Their warnings come after a government green paper published earlier this month by the Business and Energy Secretary Greg Clark set out plans to increase the government's ability to intervene in takeovers, particularly in areas that are deemed a national security risk, such as critical infrastructure, technology and defence.
Addleshaw Goddard corporate partner Simon Wood, who returned to the firm from a two-year stint at the Takeover Panel earlier this month, says: "The tightrope they are trying to walk is ensuring that Britain remains open for business but also increasing the degree of protection around national security. That includes not just the defence sector but energy, communications and utilities, which are an important fabric of the UK's infrastructure."
Freshfields Bruckhaus Deringer infrastructure partner Richard Thexton broadly welcomes the proposals but calls for more guidance as to where the government should be notified of a deal on national security grounds, in order to avoid cases where the government intervenes in transactions at a late stage.
"Under the voluntary regime, the government will have power after a non-notified deal is closed to go back and set it all aside, which from a seller's perspective would be a disaster.

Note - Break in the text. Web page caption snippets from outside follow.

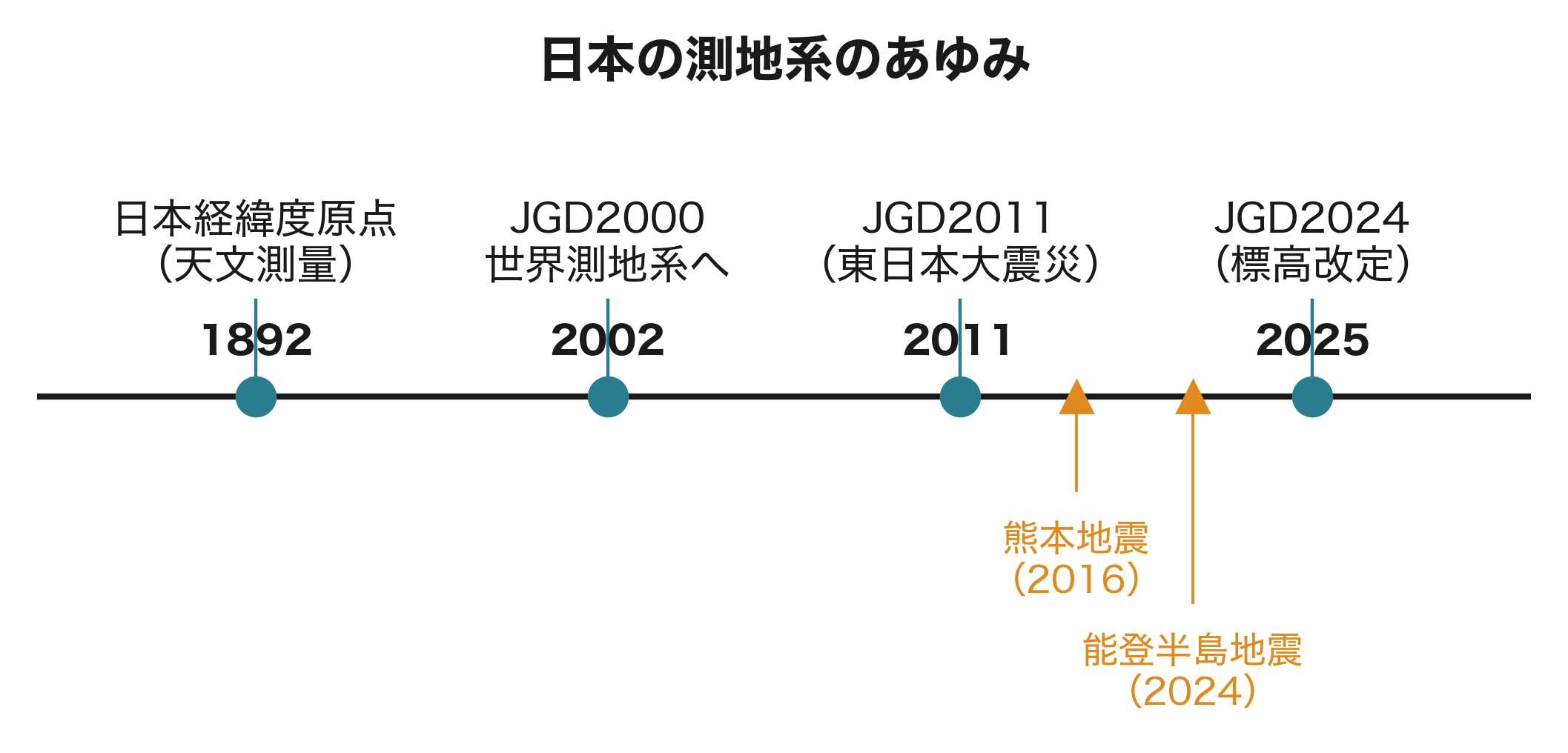 matplotlibで作図した測地系の年表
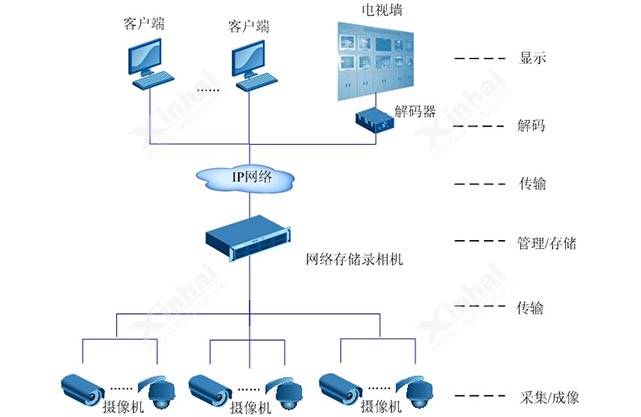 视频监控系统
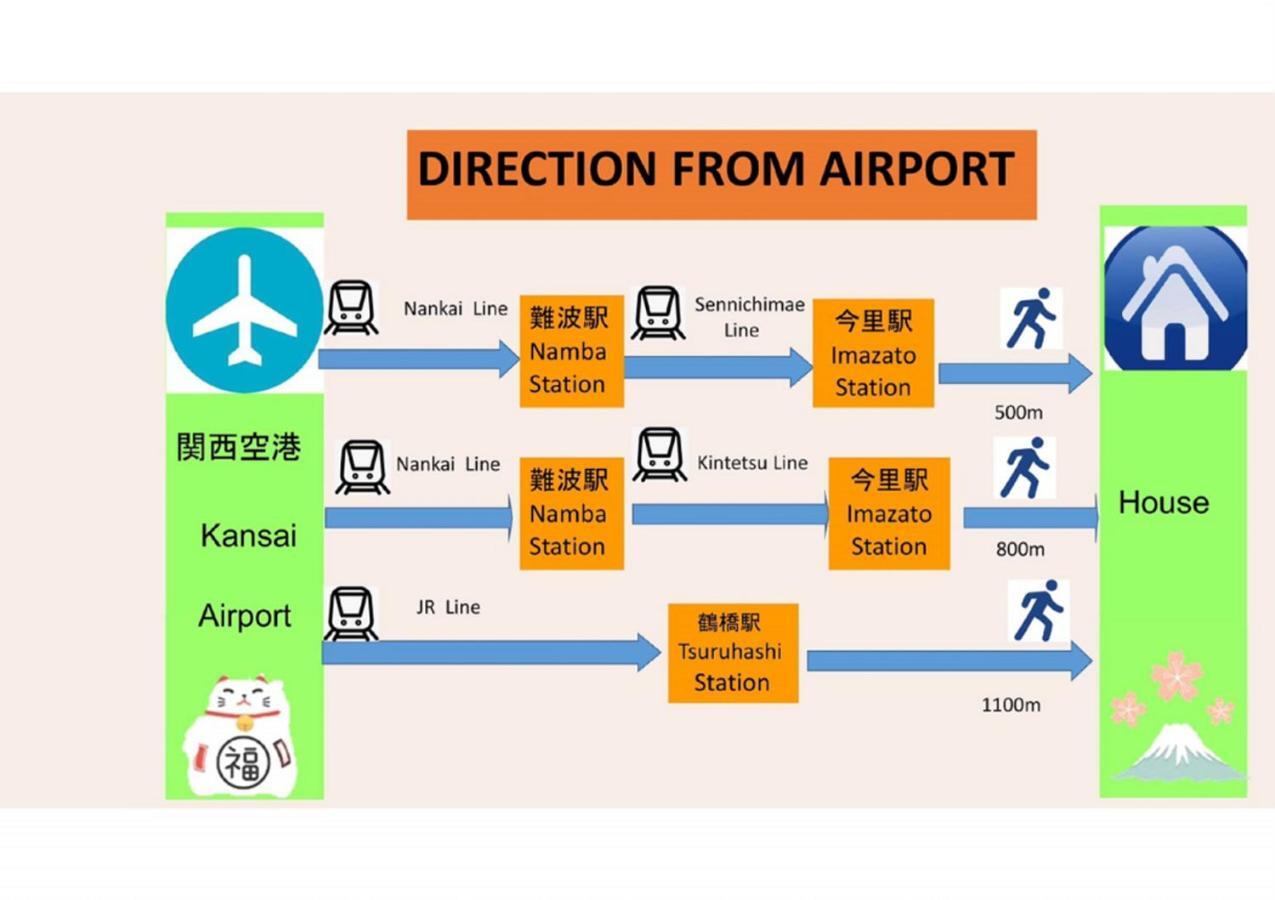 中川西 地下鉄今里駅一戸建 Samurai House Guest House Imazato 難波直通 最大7名 Οσάκα Εξωτερικό φωτογραφία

Clear guidance on which deals should be notified under the voluntary regime is therefore critical," he says.
Ashurst infrastructure partner Jason Radford meanwhile cautions that the threat of increased governmental oversight could spark a sell-off among UK infrastructure investors.
"The ramifications for the market are difficult to assess at this stage," he says. "It could notionally prompt a sell-off such that owners are looking to take advantage of good market conditions before the risk of increased government oversight becomes a reality."

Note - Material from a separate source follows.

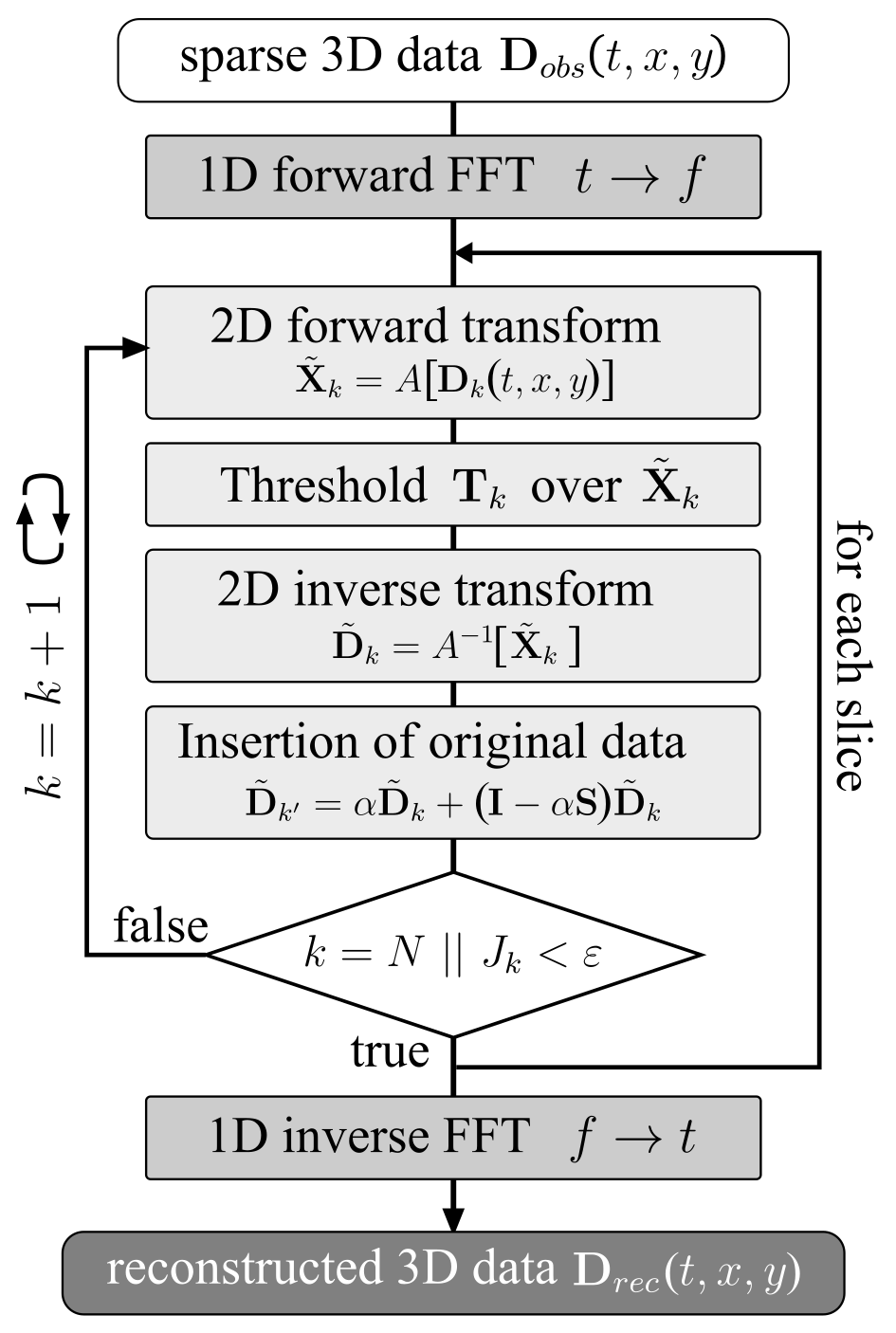 2D despike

The UK's upcoming exit from the European Union further increases the importance of avoiding protectionist measures, particularly as the present government's Brexit policy has been based around positioning the UK as what International Trade Secretary Liam Fox calls a "proud champion in the cause of global free trade".
There is also increasing scepticism about the UK's future as a recipient of foreign direct investment (FDI), with 31% of investors responding to a 2017 EY survey saying they expect the UK's attractiveness as an FDI destination to decline, compared with just 16% in 2016.
Wood says: "Being open for business worldwide post-Brexit will be very important – the government recognises the risk that too much interference could produce a regime that deters inward investment."
Law firms have benefited from investor appetite for UK infrastructure assets in recent years, with key deals this year including National Grid's £13.8bn sale of its gas distribution business to an international consortium including Australian bank Macquarie and Qatari sovereign wealth fund the Qatar Investment Authority.
Linklaters led for National Grid on the deal, while Clifford Chance, CMS and Cleary Gottlieb Steen & Hamilton advised the winning consortium.
A plethora of other firms played roles including Eversheds, Addleshaw Goddard, DLA Piper, Irwin Mitchell, Shakespeare Martineau and Dentons, underlining the importance of infrastructure deals to the legal sector.
However, while there are concerns among partners that unclear rules could dampen investor appetite to make acquisitions in the UK, Thexton argues that the UK remains an appealing place for deals.
He concludes: "The UK will always be an attractive place for people to invest; it has a stable regulatory and legal environment and that won't change as a result of these proposals, provided the government gives the necessary clear guidance. Yes, it is a hurdle to making the investment in the first place, but frankly, it's a hurdle that well-informed buyers are already thinking about and engaging with government on, so I don't see why it should put people off."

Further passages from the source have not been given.